● Exercise details
Starting at the first line, copy the data below through to the end, exactly.

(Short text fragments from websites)
-------

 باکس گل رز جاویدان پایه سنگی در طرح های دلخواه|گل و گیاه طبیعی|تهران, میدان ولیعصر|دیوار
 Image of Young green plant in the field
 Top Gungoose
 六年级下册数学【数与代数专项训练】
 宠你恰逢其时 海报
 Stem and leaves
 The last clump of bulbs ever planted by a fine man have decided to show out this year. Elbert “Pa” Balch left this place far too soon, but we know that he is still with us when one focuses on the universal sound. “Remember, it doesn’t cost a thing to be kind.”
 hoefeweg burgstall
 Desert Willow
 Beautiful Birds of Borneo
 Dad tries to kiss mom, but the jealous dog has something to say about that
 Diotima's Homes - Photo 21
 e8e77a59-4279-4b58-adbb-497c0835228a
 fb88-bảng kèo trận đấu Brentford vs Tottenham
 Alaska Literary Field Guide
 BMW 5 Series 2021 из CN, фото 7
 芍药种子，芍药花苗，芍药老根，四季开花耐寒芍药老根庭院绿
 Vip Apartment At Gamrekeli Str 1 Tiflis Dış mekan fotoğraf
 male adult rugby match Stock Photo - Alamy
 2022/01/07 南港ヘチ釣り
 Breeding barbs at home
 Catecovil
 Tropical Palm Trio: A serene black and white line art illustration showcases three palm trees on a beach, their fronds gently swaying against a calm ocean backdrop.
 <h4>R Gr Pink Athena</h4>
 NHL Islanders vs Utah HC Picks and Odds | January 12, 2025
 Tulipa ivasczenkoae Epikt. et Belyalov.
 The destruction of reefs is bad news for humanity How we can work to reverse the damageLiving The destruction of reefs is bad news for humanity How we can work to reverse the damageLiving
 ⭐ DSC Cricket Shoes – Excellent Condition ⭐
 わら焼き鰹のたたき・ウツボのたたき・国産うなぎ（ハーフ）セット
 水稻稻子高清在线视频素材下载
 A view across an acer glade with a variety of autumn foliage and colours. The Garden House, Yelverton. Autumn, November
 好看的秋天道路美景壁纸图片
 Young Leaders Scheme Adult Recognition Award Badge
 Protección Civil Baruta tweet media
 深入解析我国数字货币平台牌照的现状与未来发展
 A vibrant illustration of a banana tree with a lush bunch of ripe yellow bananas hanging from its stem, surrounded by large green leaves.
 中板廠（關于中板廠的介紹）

-------

● Written answer
 باکس گل رز جاویدان پایه سنگی در طرح های دلخواه|گل و گیاه طبیعی|تهران, میدان ولیعصر|دیوار
 Image of Young green plant in the field
 Top Gungoose
 六年级下册数学【数与代数专项训练】
 宠你恰逢其时 海报
 Stem and leaves
 The last clump of bulbs ever planted by a fine man have decided to show out this year. Elbert “Pa” Balch left this place far too soon, but we know that he is still with us when one focuses on the universal sound. “Remember, it doesn’t cost a thing to be kind.”
 hoefeweg burgstall
 Desert Willow
 Beautiful Birds of Borneo
 Dad tries to kiss mom, but the jealous dog has something to say about that
 Diotima's Homes - Photo 21
 e8e77a59-4279-4b58-adbb-497c0835228a
 fb88-bảng kèo trận đấu Brentford vs Tottenham
 Alaska Literary Field Guide
 BMW 5 Series 2021 из CN, фото 7
 芍药种子，芍药花苗，芍药老根，四季开花耐寒芍药老根庭院绿
 Vip Apartment At Gamrekeli Str 1 Tiflis Dış mekan fotoğraf
 male adult rugby match Stock Photo - Alamy
 2022/01/07 南港ヘチ釣り
 Breeding barbs at home
 Catecovil
 Tropical Palm Trio: A serene black and white line art illustration showcases three palm trees on a beach, their fronds gently swaying against a calm ocean backdrop.
 <h4>R Gr Pink Athena</h4>
 NHL Islanders vs Utah HC Picks and Odds | January 12, 2025
 Tulipa ivasczenkoae Epikt. et Belyalov.
 The destruction of reefs is bad news for humanity How we can work to reverse the damageLiving The destruction of reefs is bad news for humanity How we can work to reverse the damageLiving
 ⭐ DSC Cricket Shoes – Excellent Condition ⭐
 わら焼き鰹のたたき・ウツボのたたき・国産うなぎ（ハーフ）セット
 水稻稻子高清在线视频素材下载
 A view across an acer glade with a variety of autumn foliage and colours. The Garden House, Yelverton. Autumn, November
 好看的秋天道路美景壁纸图片
 Young Leaders Scheme Adult Recognition Award Badge
 Protección Civil Baruta tweet media
 深入解析我国数字货币平台牌照的现状与未来发展
 A vibrant illustration of a banana tree with a lush bunch of ripe yellow bananas hanging from its stem, surrounded by large green leaves.
 中板廠（關于中板廠的介紹）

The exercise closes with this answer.